*** Opening INPUT MATERIAL ***

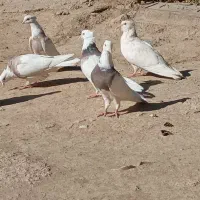 کفتر طوقی|پرنده|قلقل رود, |دیوار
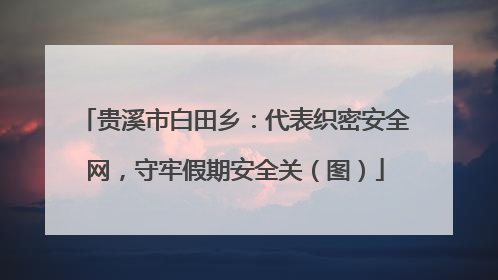 贵溪市白田乡：代表织密安全网，守牢假期安全关（图）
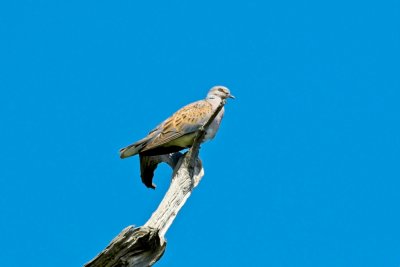 DSC_5038 small.jpg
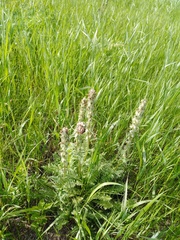 Pedicularis dasystachys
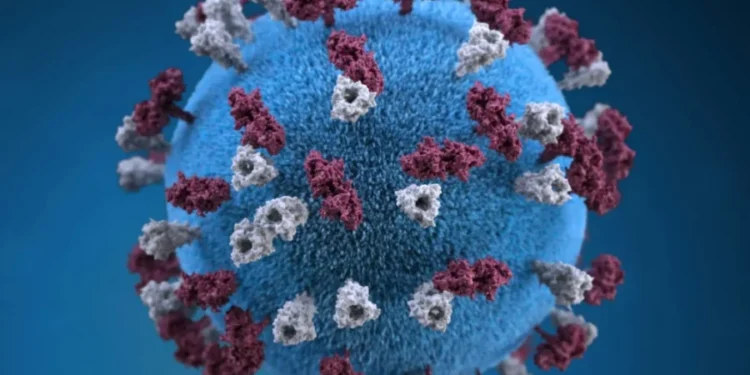 Measles case confirmed in Moncton; Health Department issues alert.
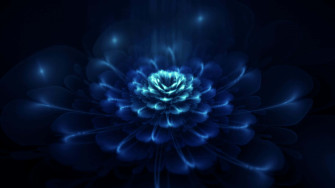 Dark Blue Rose Abstract Wallpaper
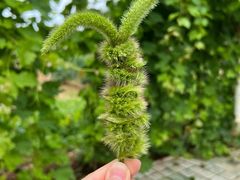 -北京张裕爱斐堡酒庄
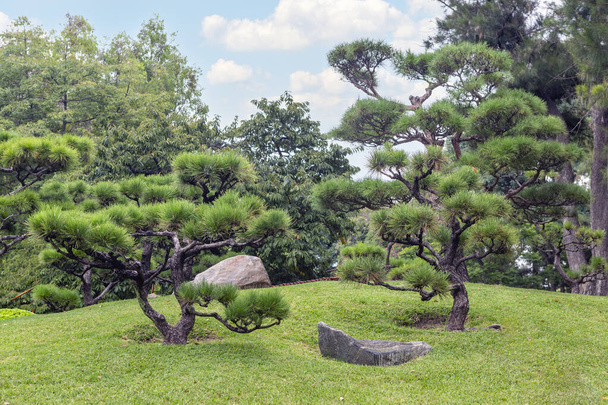 bonito jardín con pino rojo japonés (pinus desinflora) - Foto, Imagen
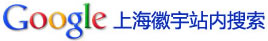 上海徽宇电子科技有限公司站内搜索器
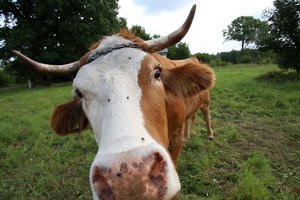 Latvijos ūkininkai įspėja apie kritinę padėtį pieno sektoriuje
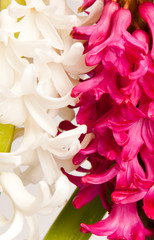 hyacinth
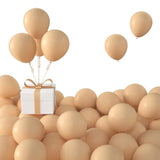 100 Pack 5 Inch Matte Beige Latex Balloons Helium Balloons For Birthda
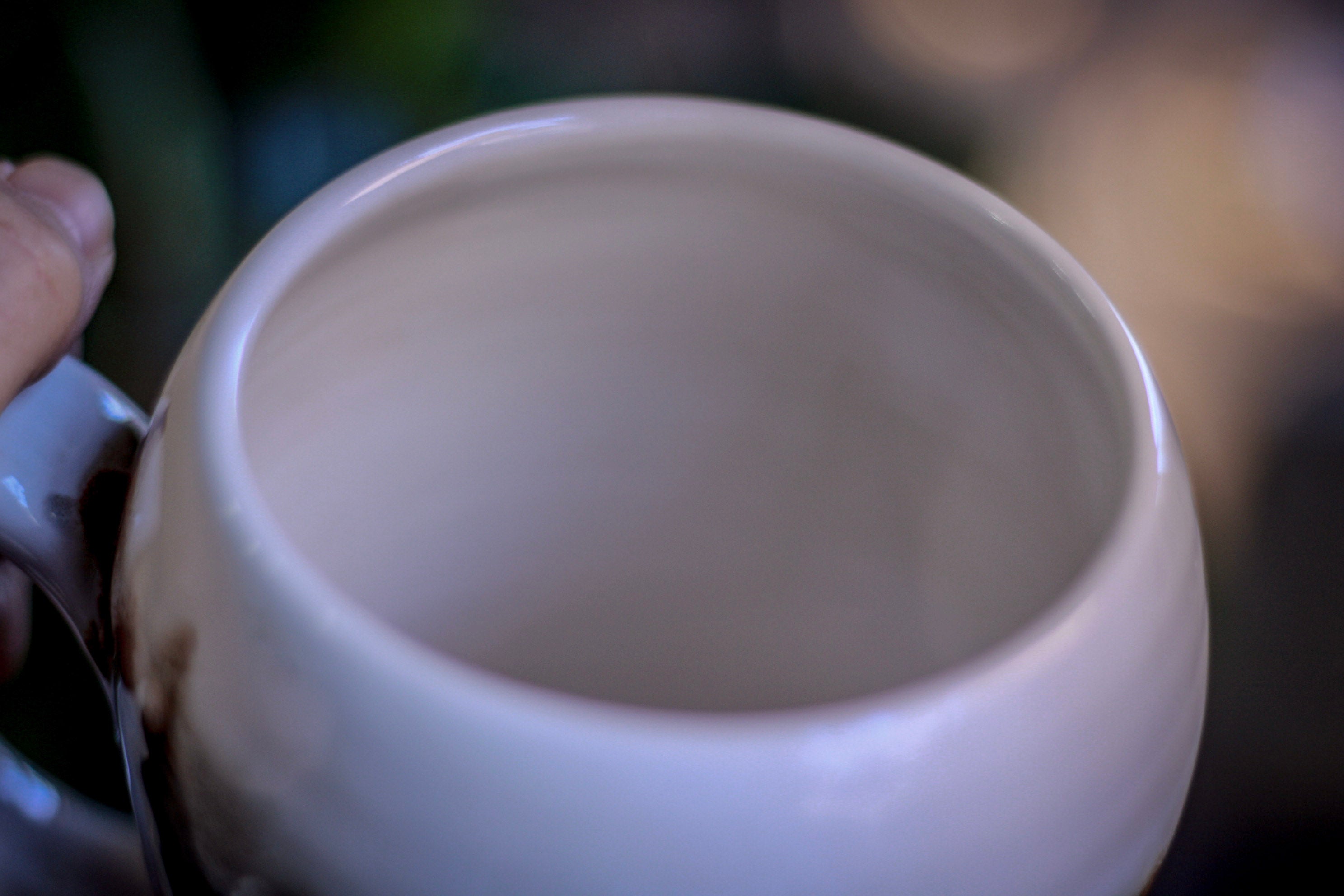 02-B Fire & Ice Gourd Mug, 21 oz.
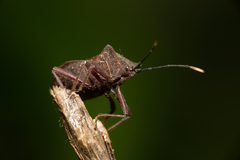 Anasa apicalis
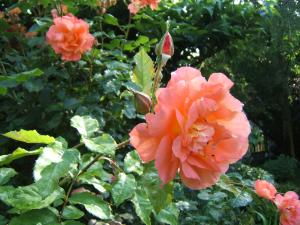 Rose orange dans les jardins de Monet à Giverny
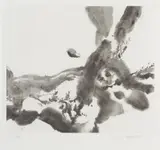 Zao Wou-ki, Untitled, 2007, Etching and aquatint, on BFK Rives paper, with full margins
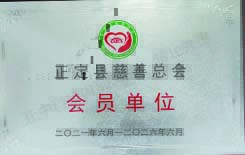 正中科技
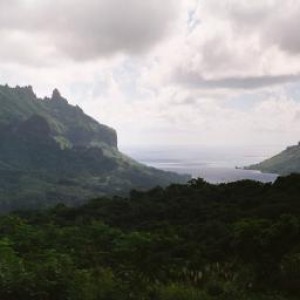 Moorea_Belvedere_Opanohu_Bay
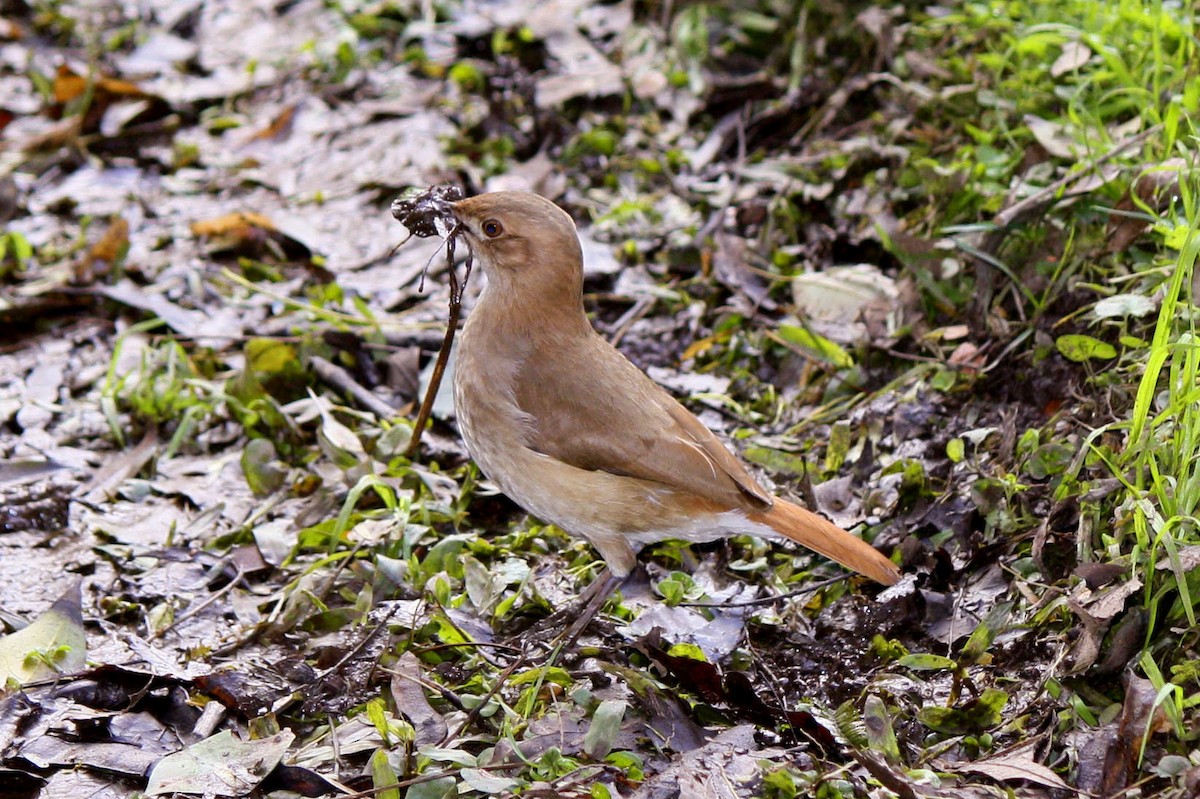 Rufous Hornero - ML645213529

*** Closing INPUT MATERIAL ***

> **TASK DETAILS**: Return only the lines from the one containing "02-B Fire & Ice Gourd Mug, 21 oz." through the last line of the entries above, exactly as written and without pictures.

> **SOLUTION TO THIS PROBLEM**:
 02-B Fire & Ice Gourd Mug, 21 oz.
 Anasa apicalis
 Rose orange dans les jardins de Monet à Giverny
 Zao Wou-ki, Untitled, 2007, Etching and aquatint, on BFK Rives paper, with full margins
 正中科技
 Moorea_Belvedere_Opanohu_Bay
 Rufous Hornero - ML645213529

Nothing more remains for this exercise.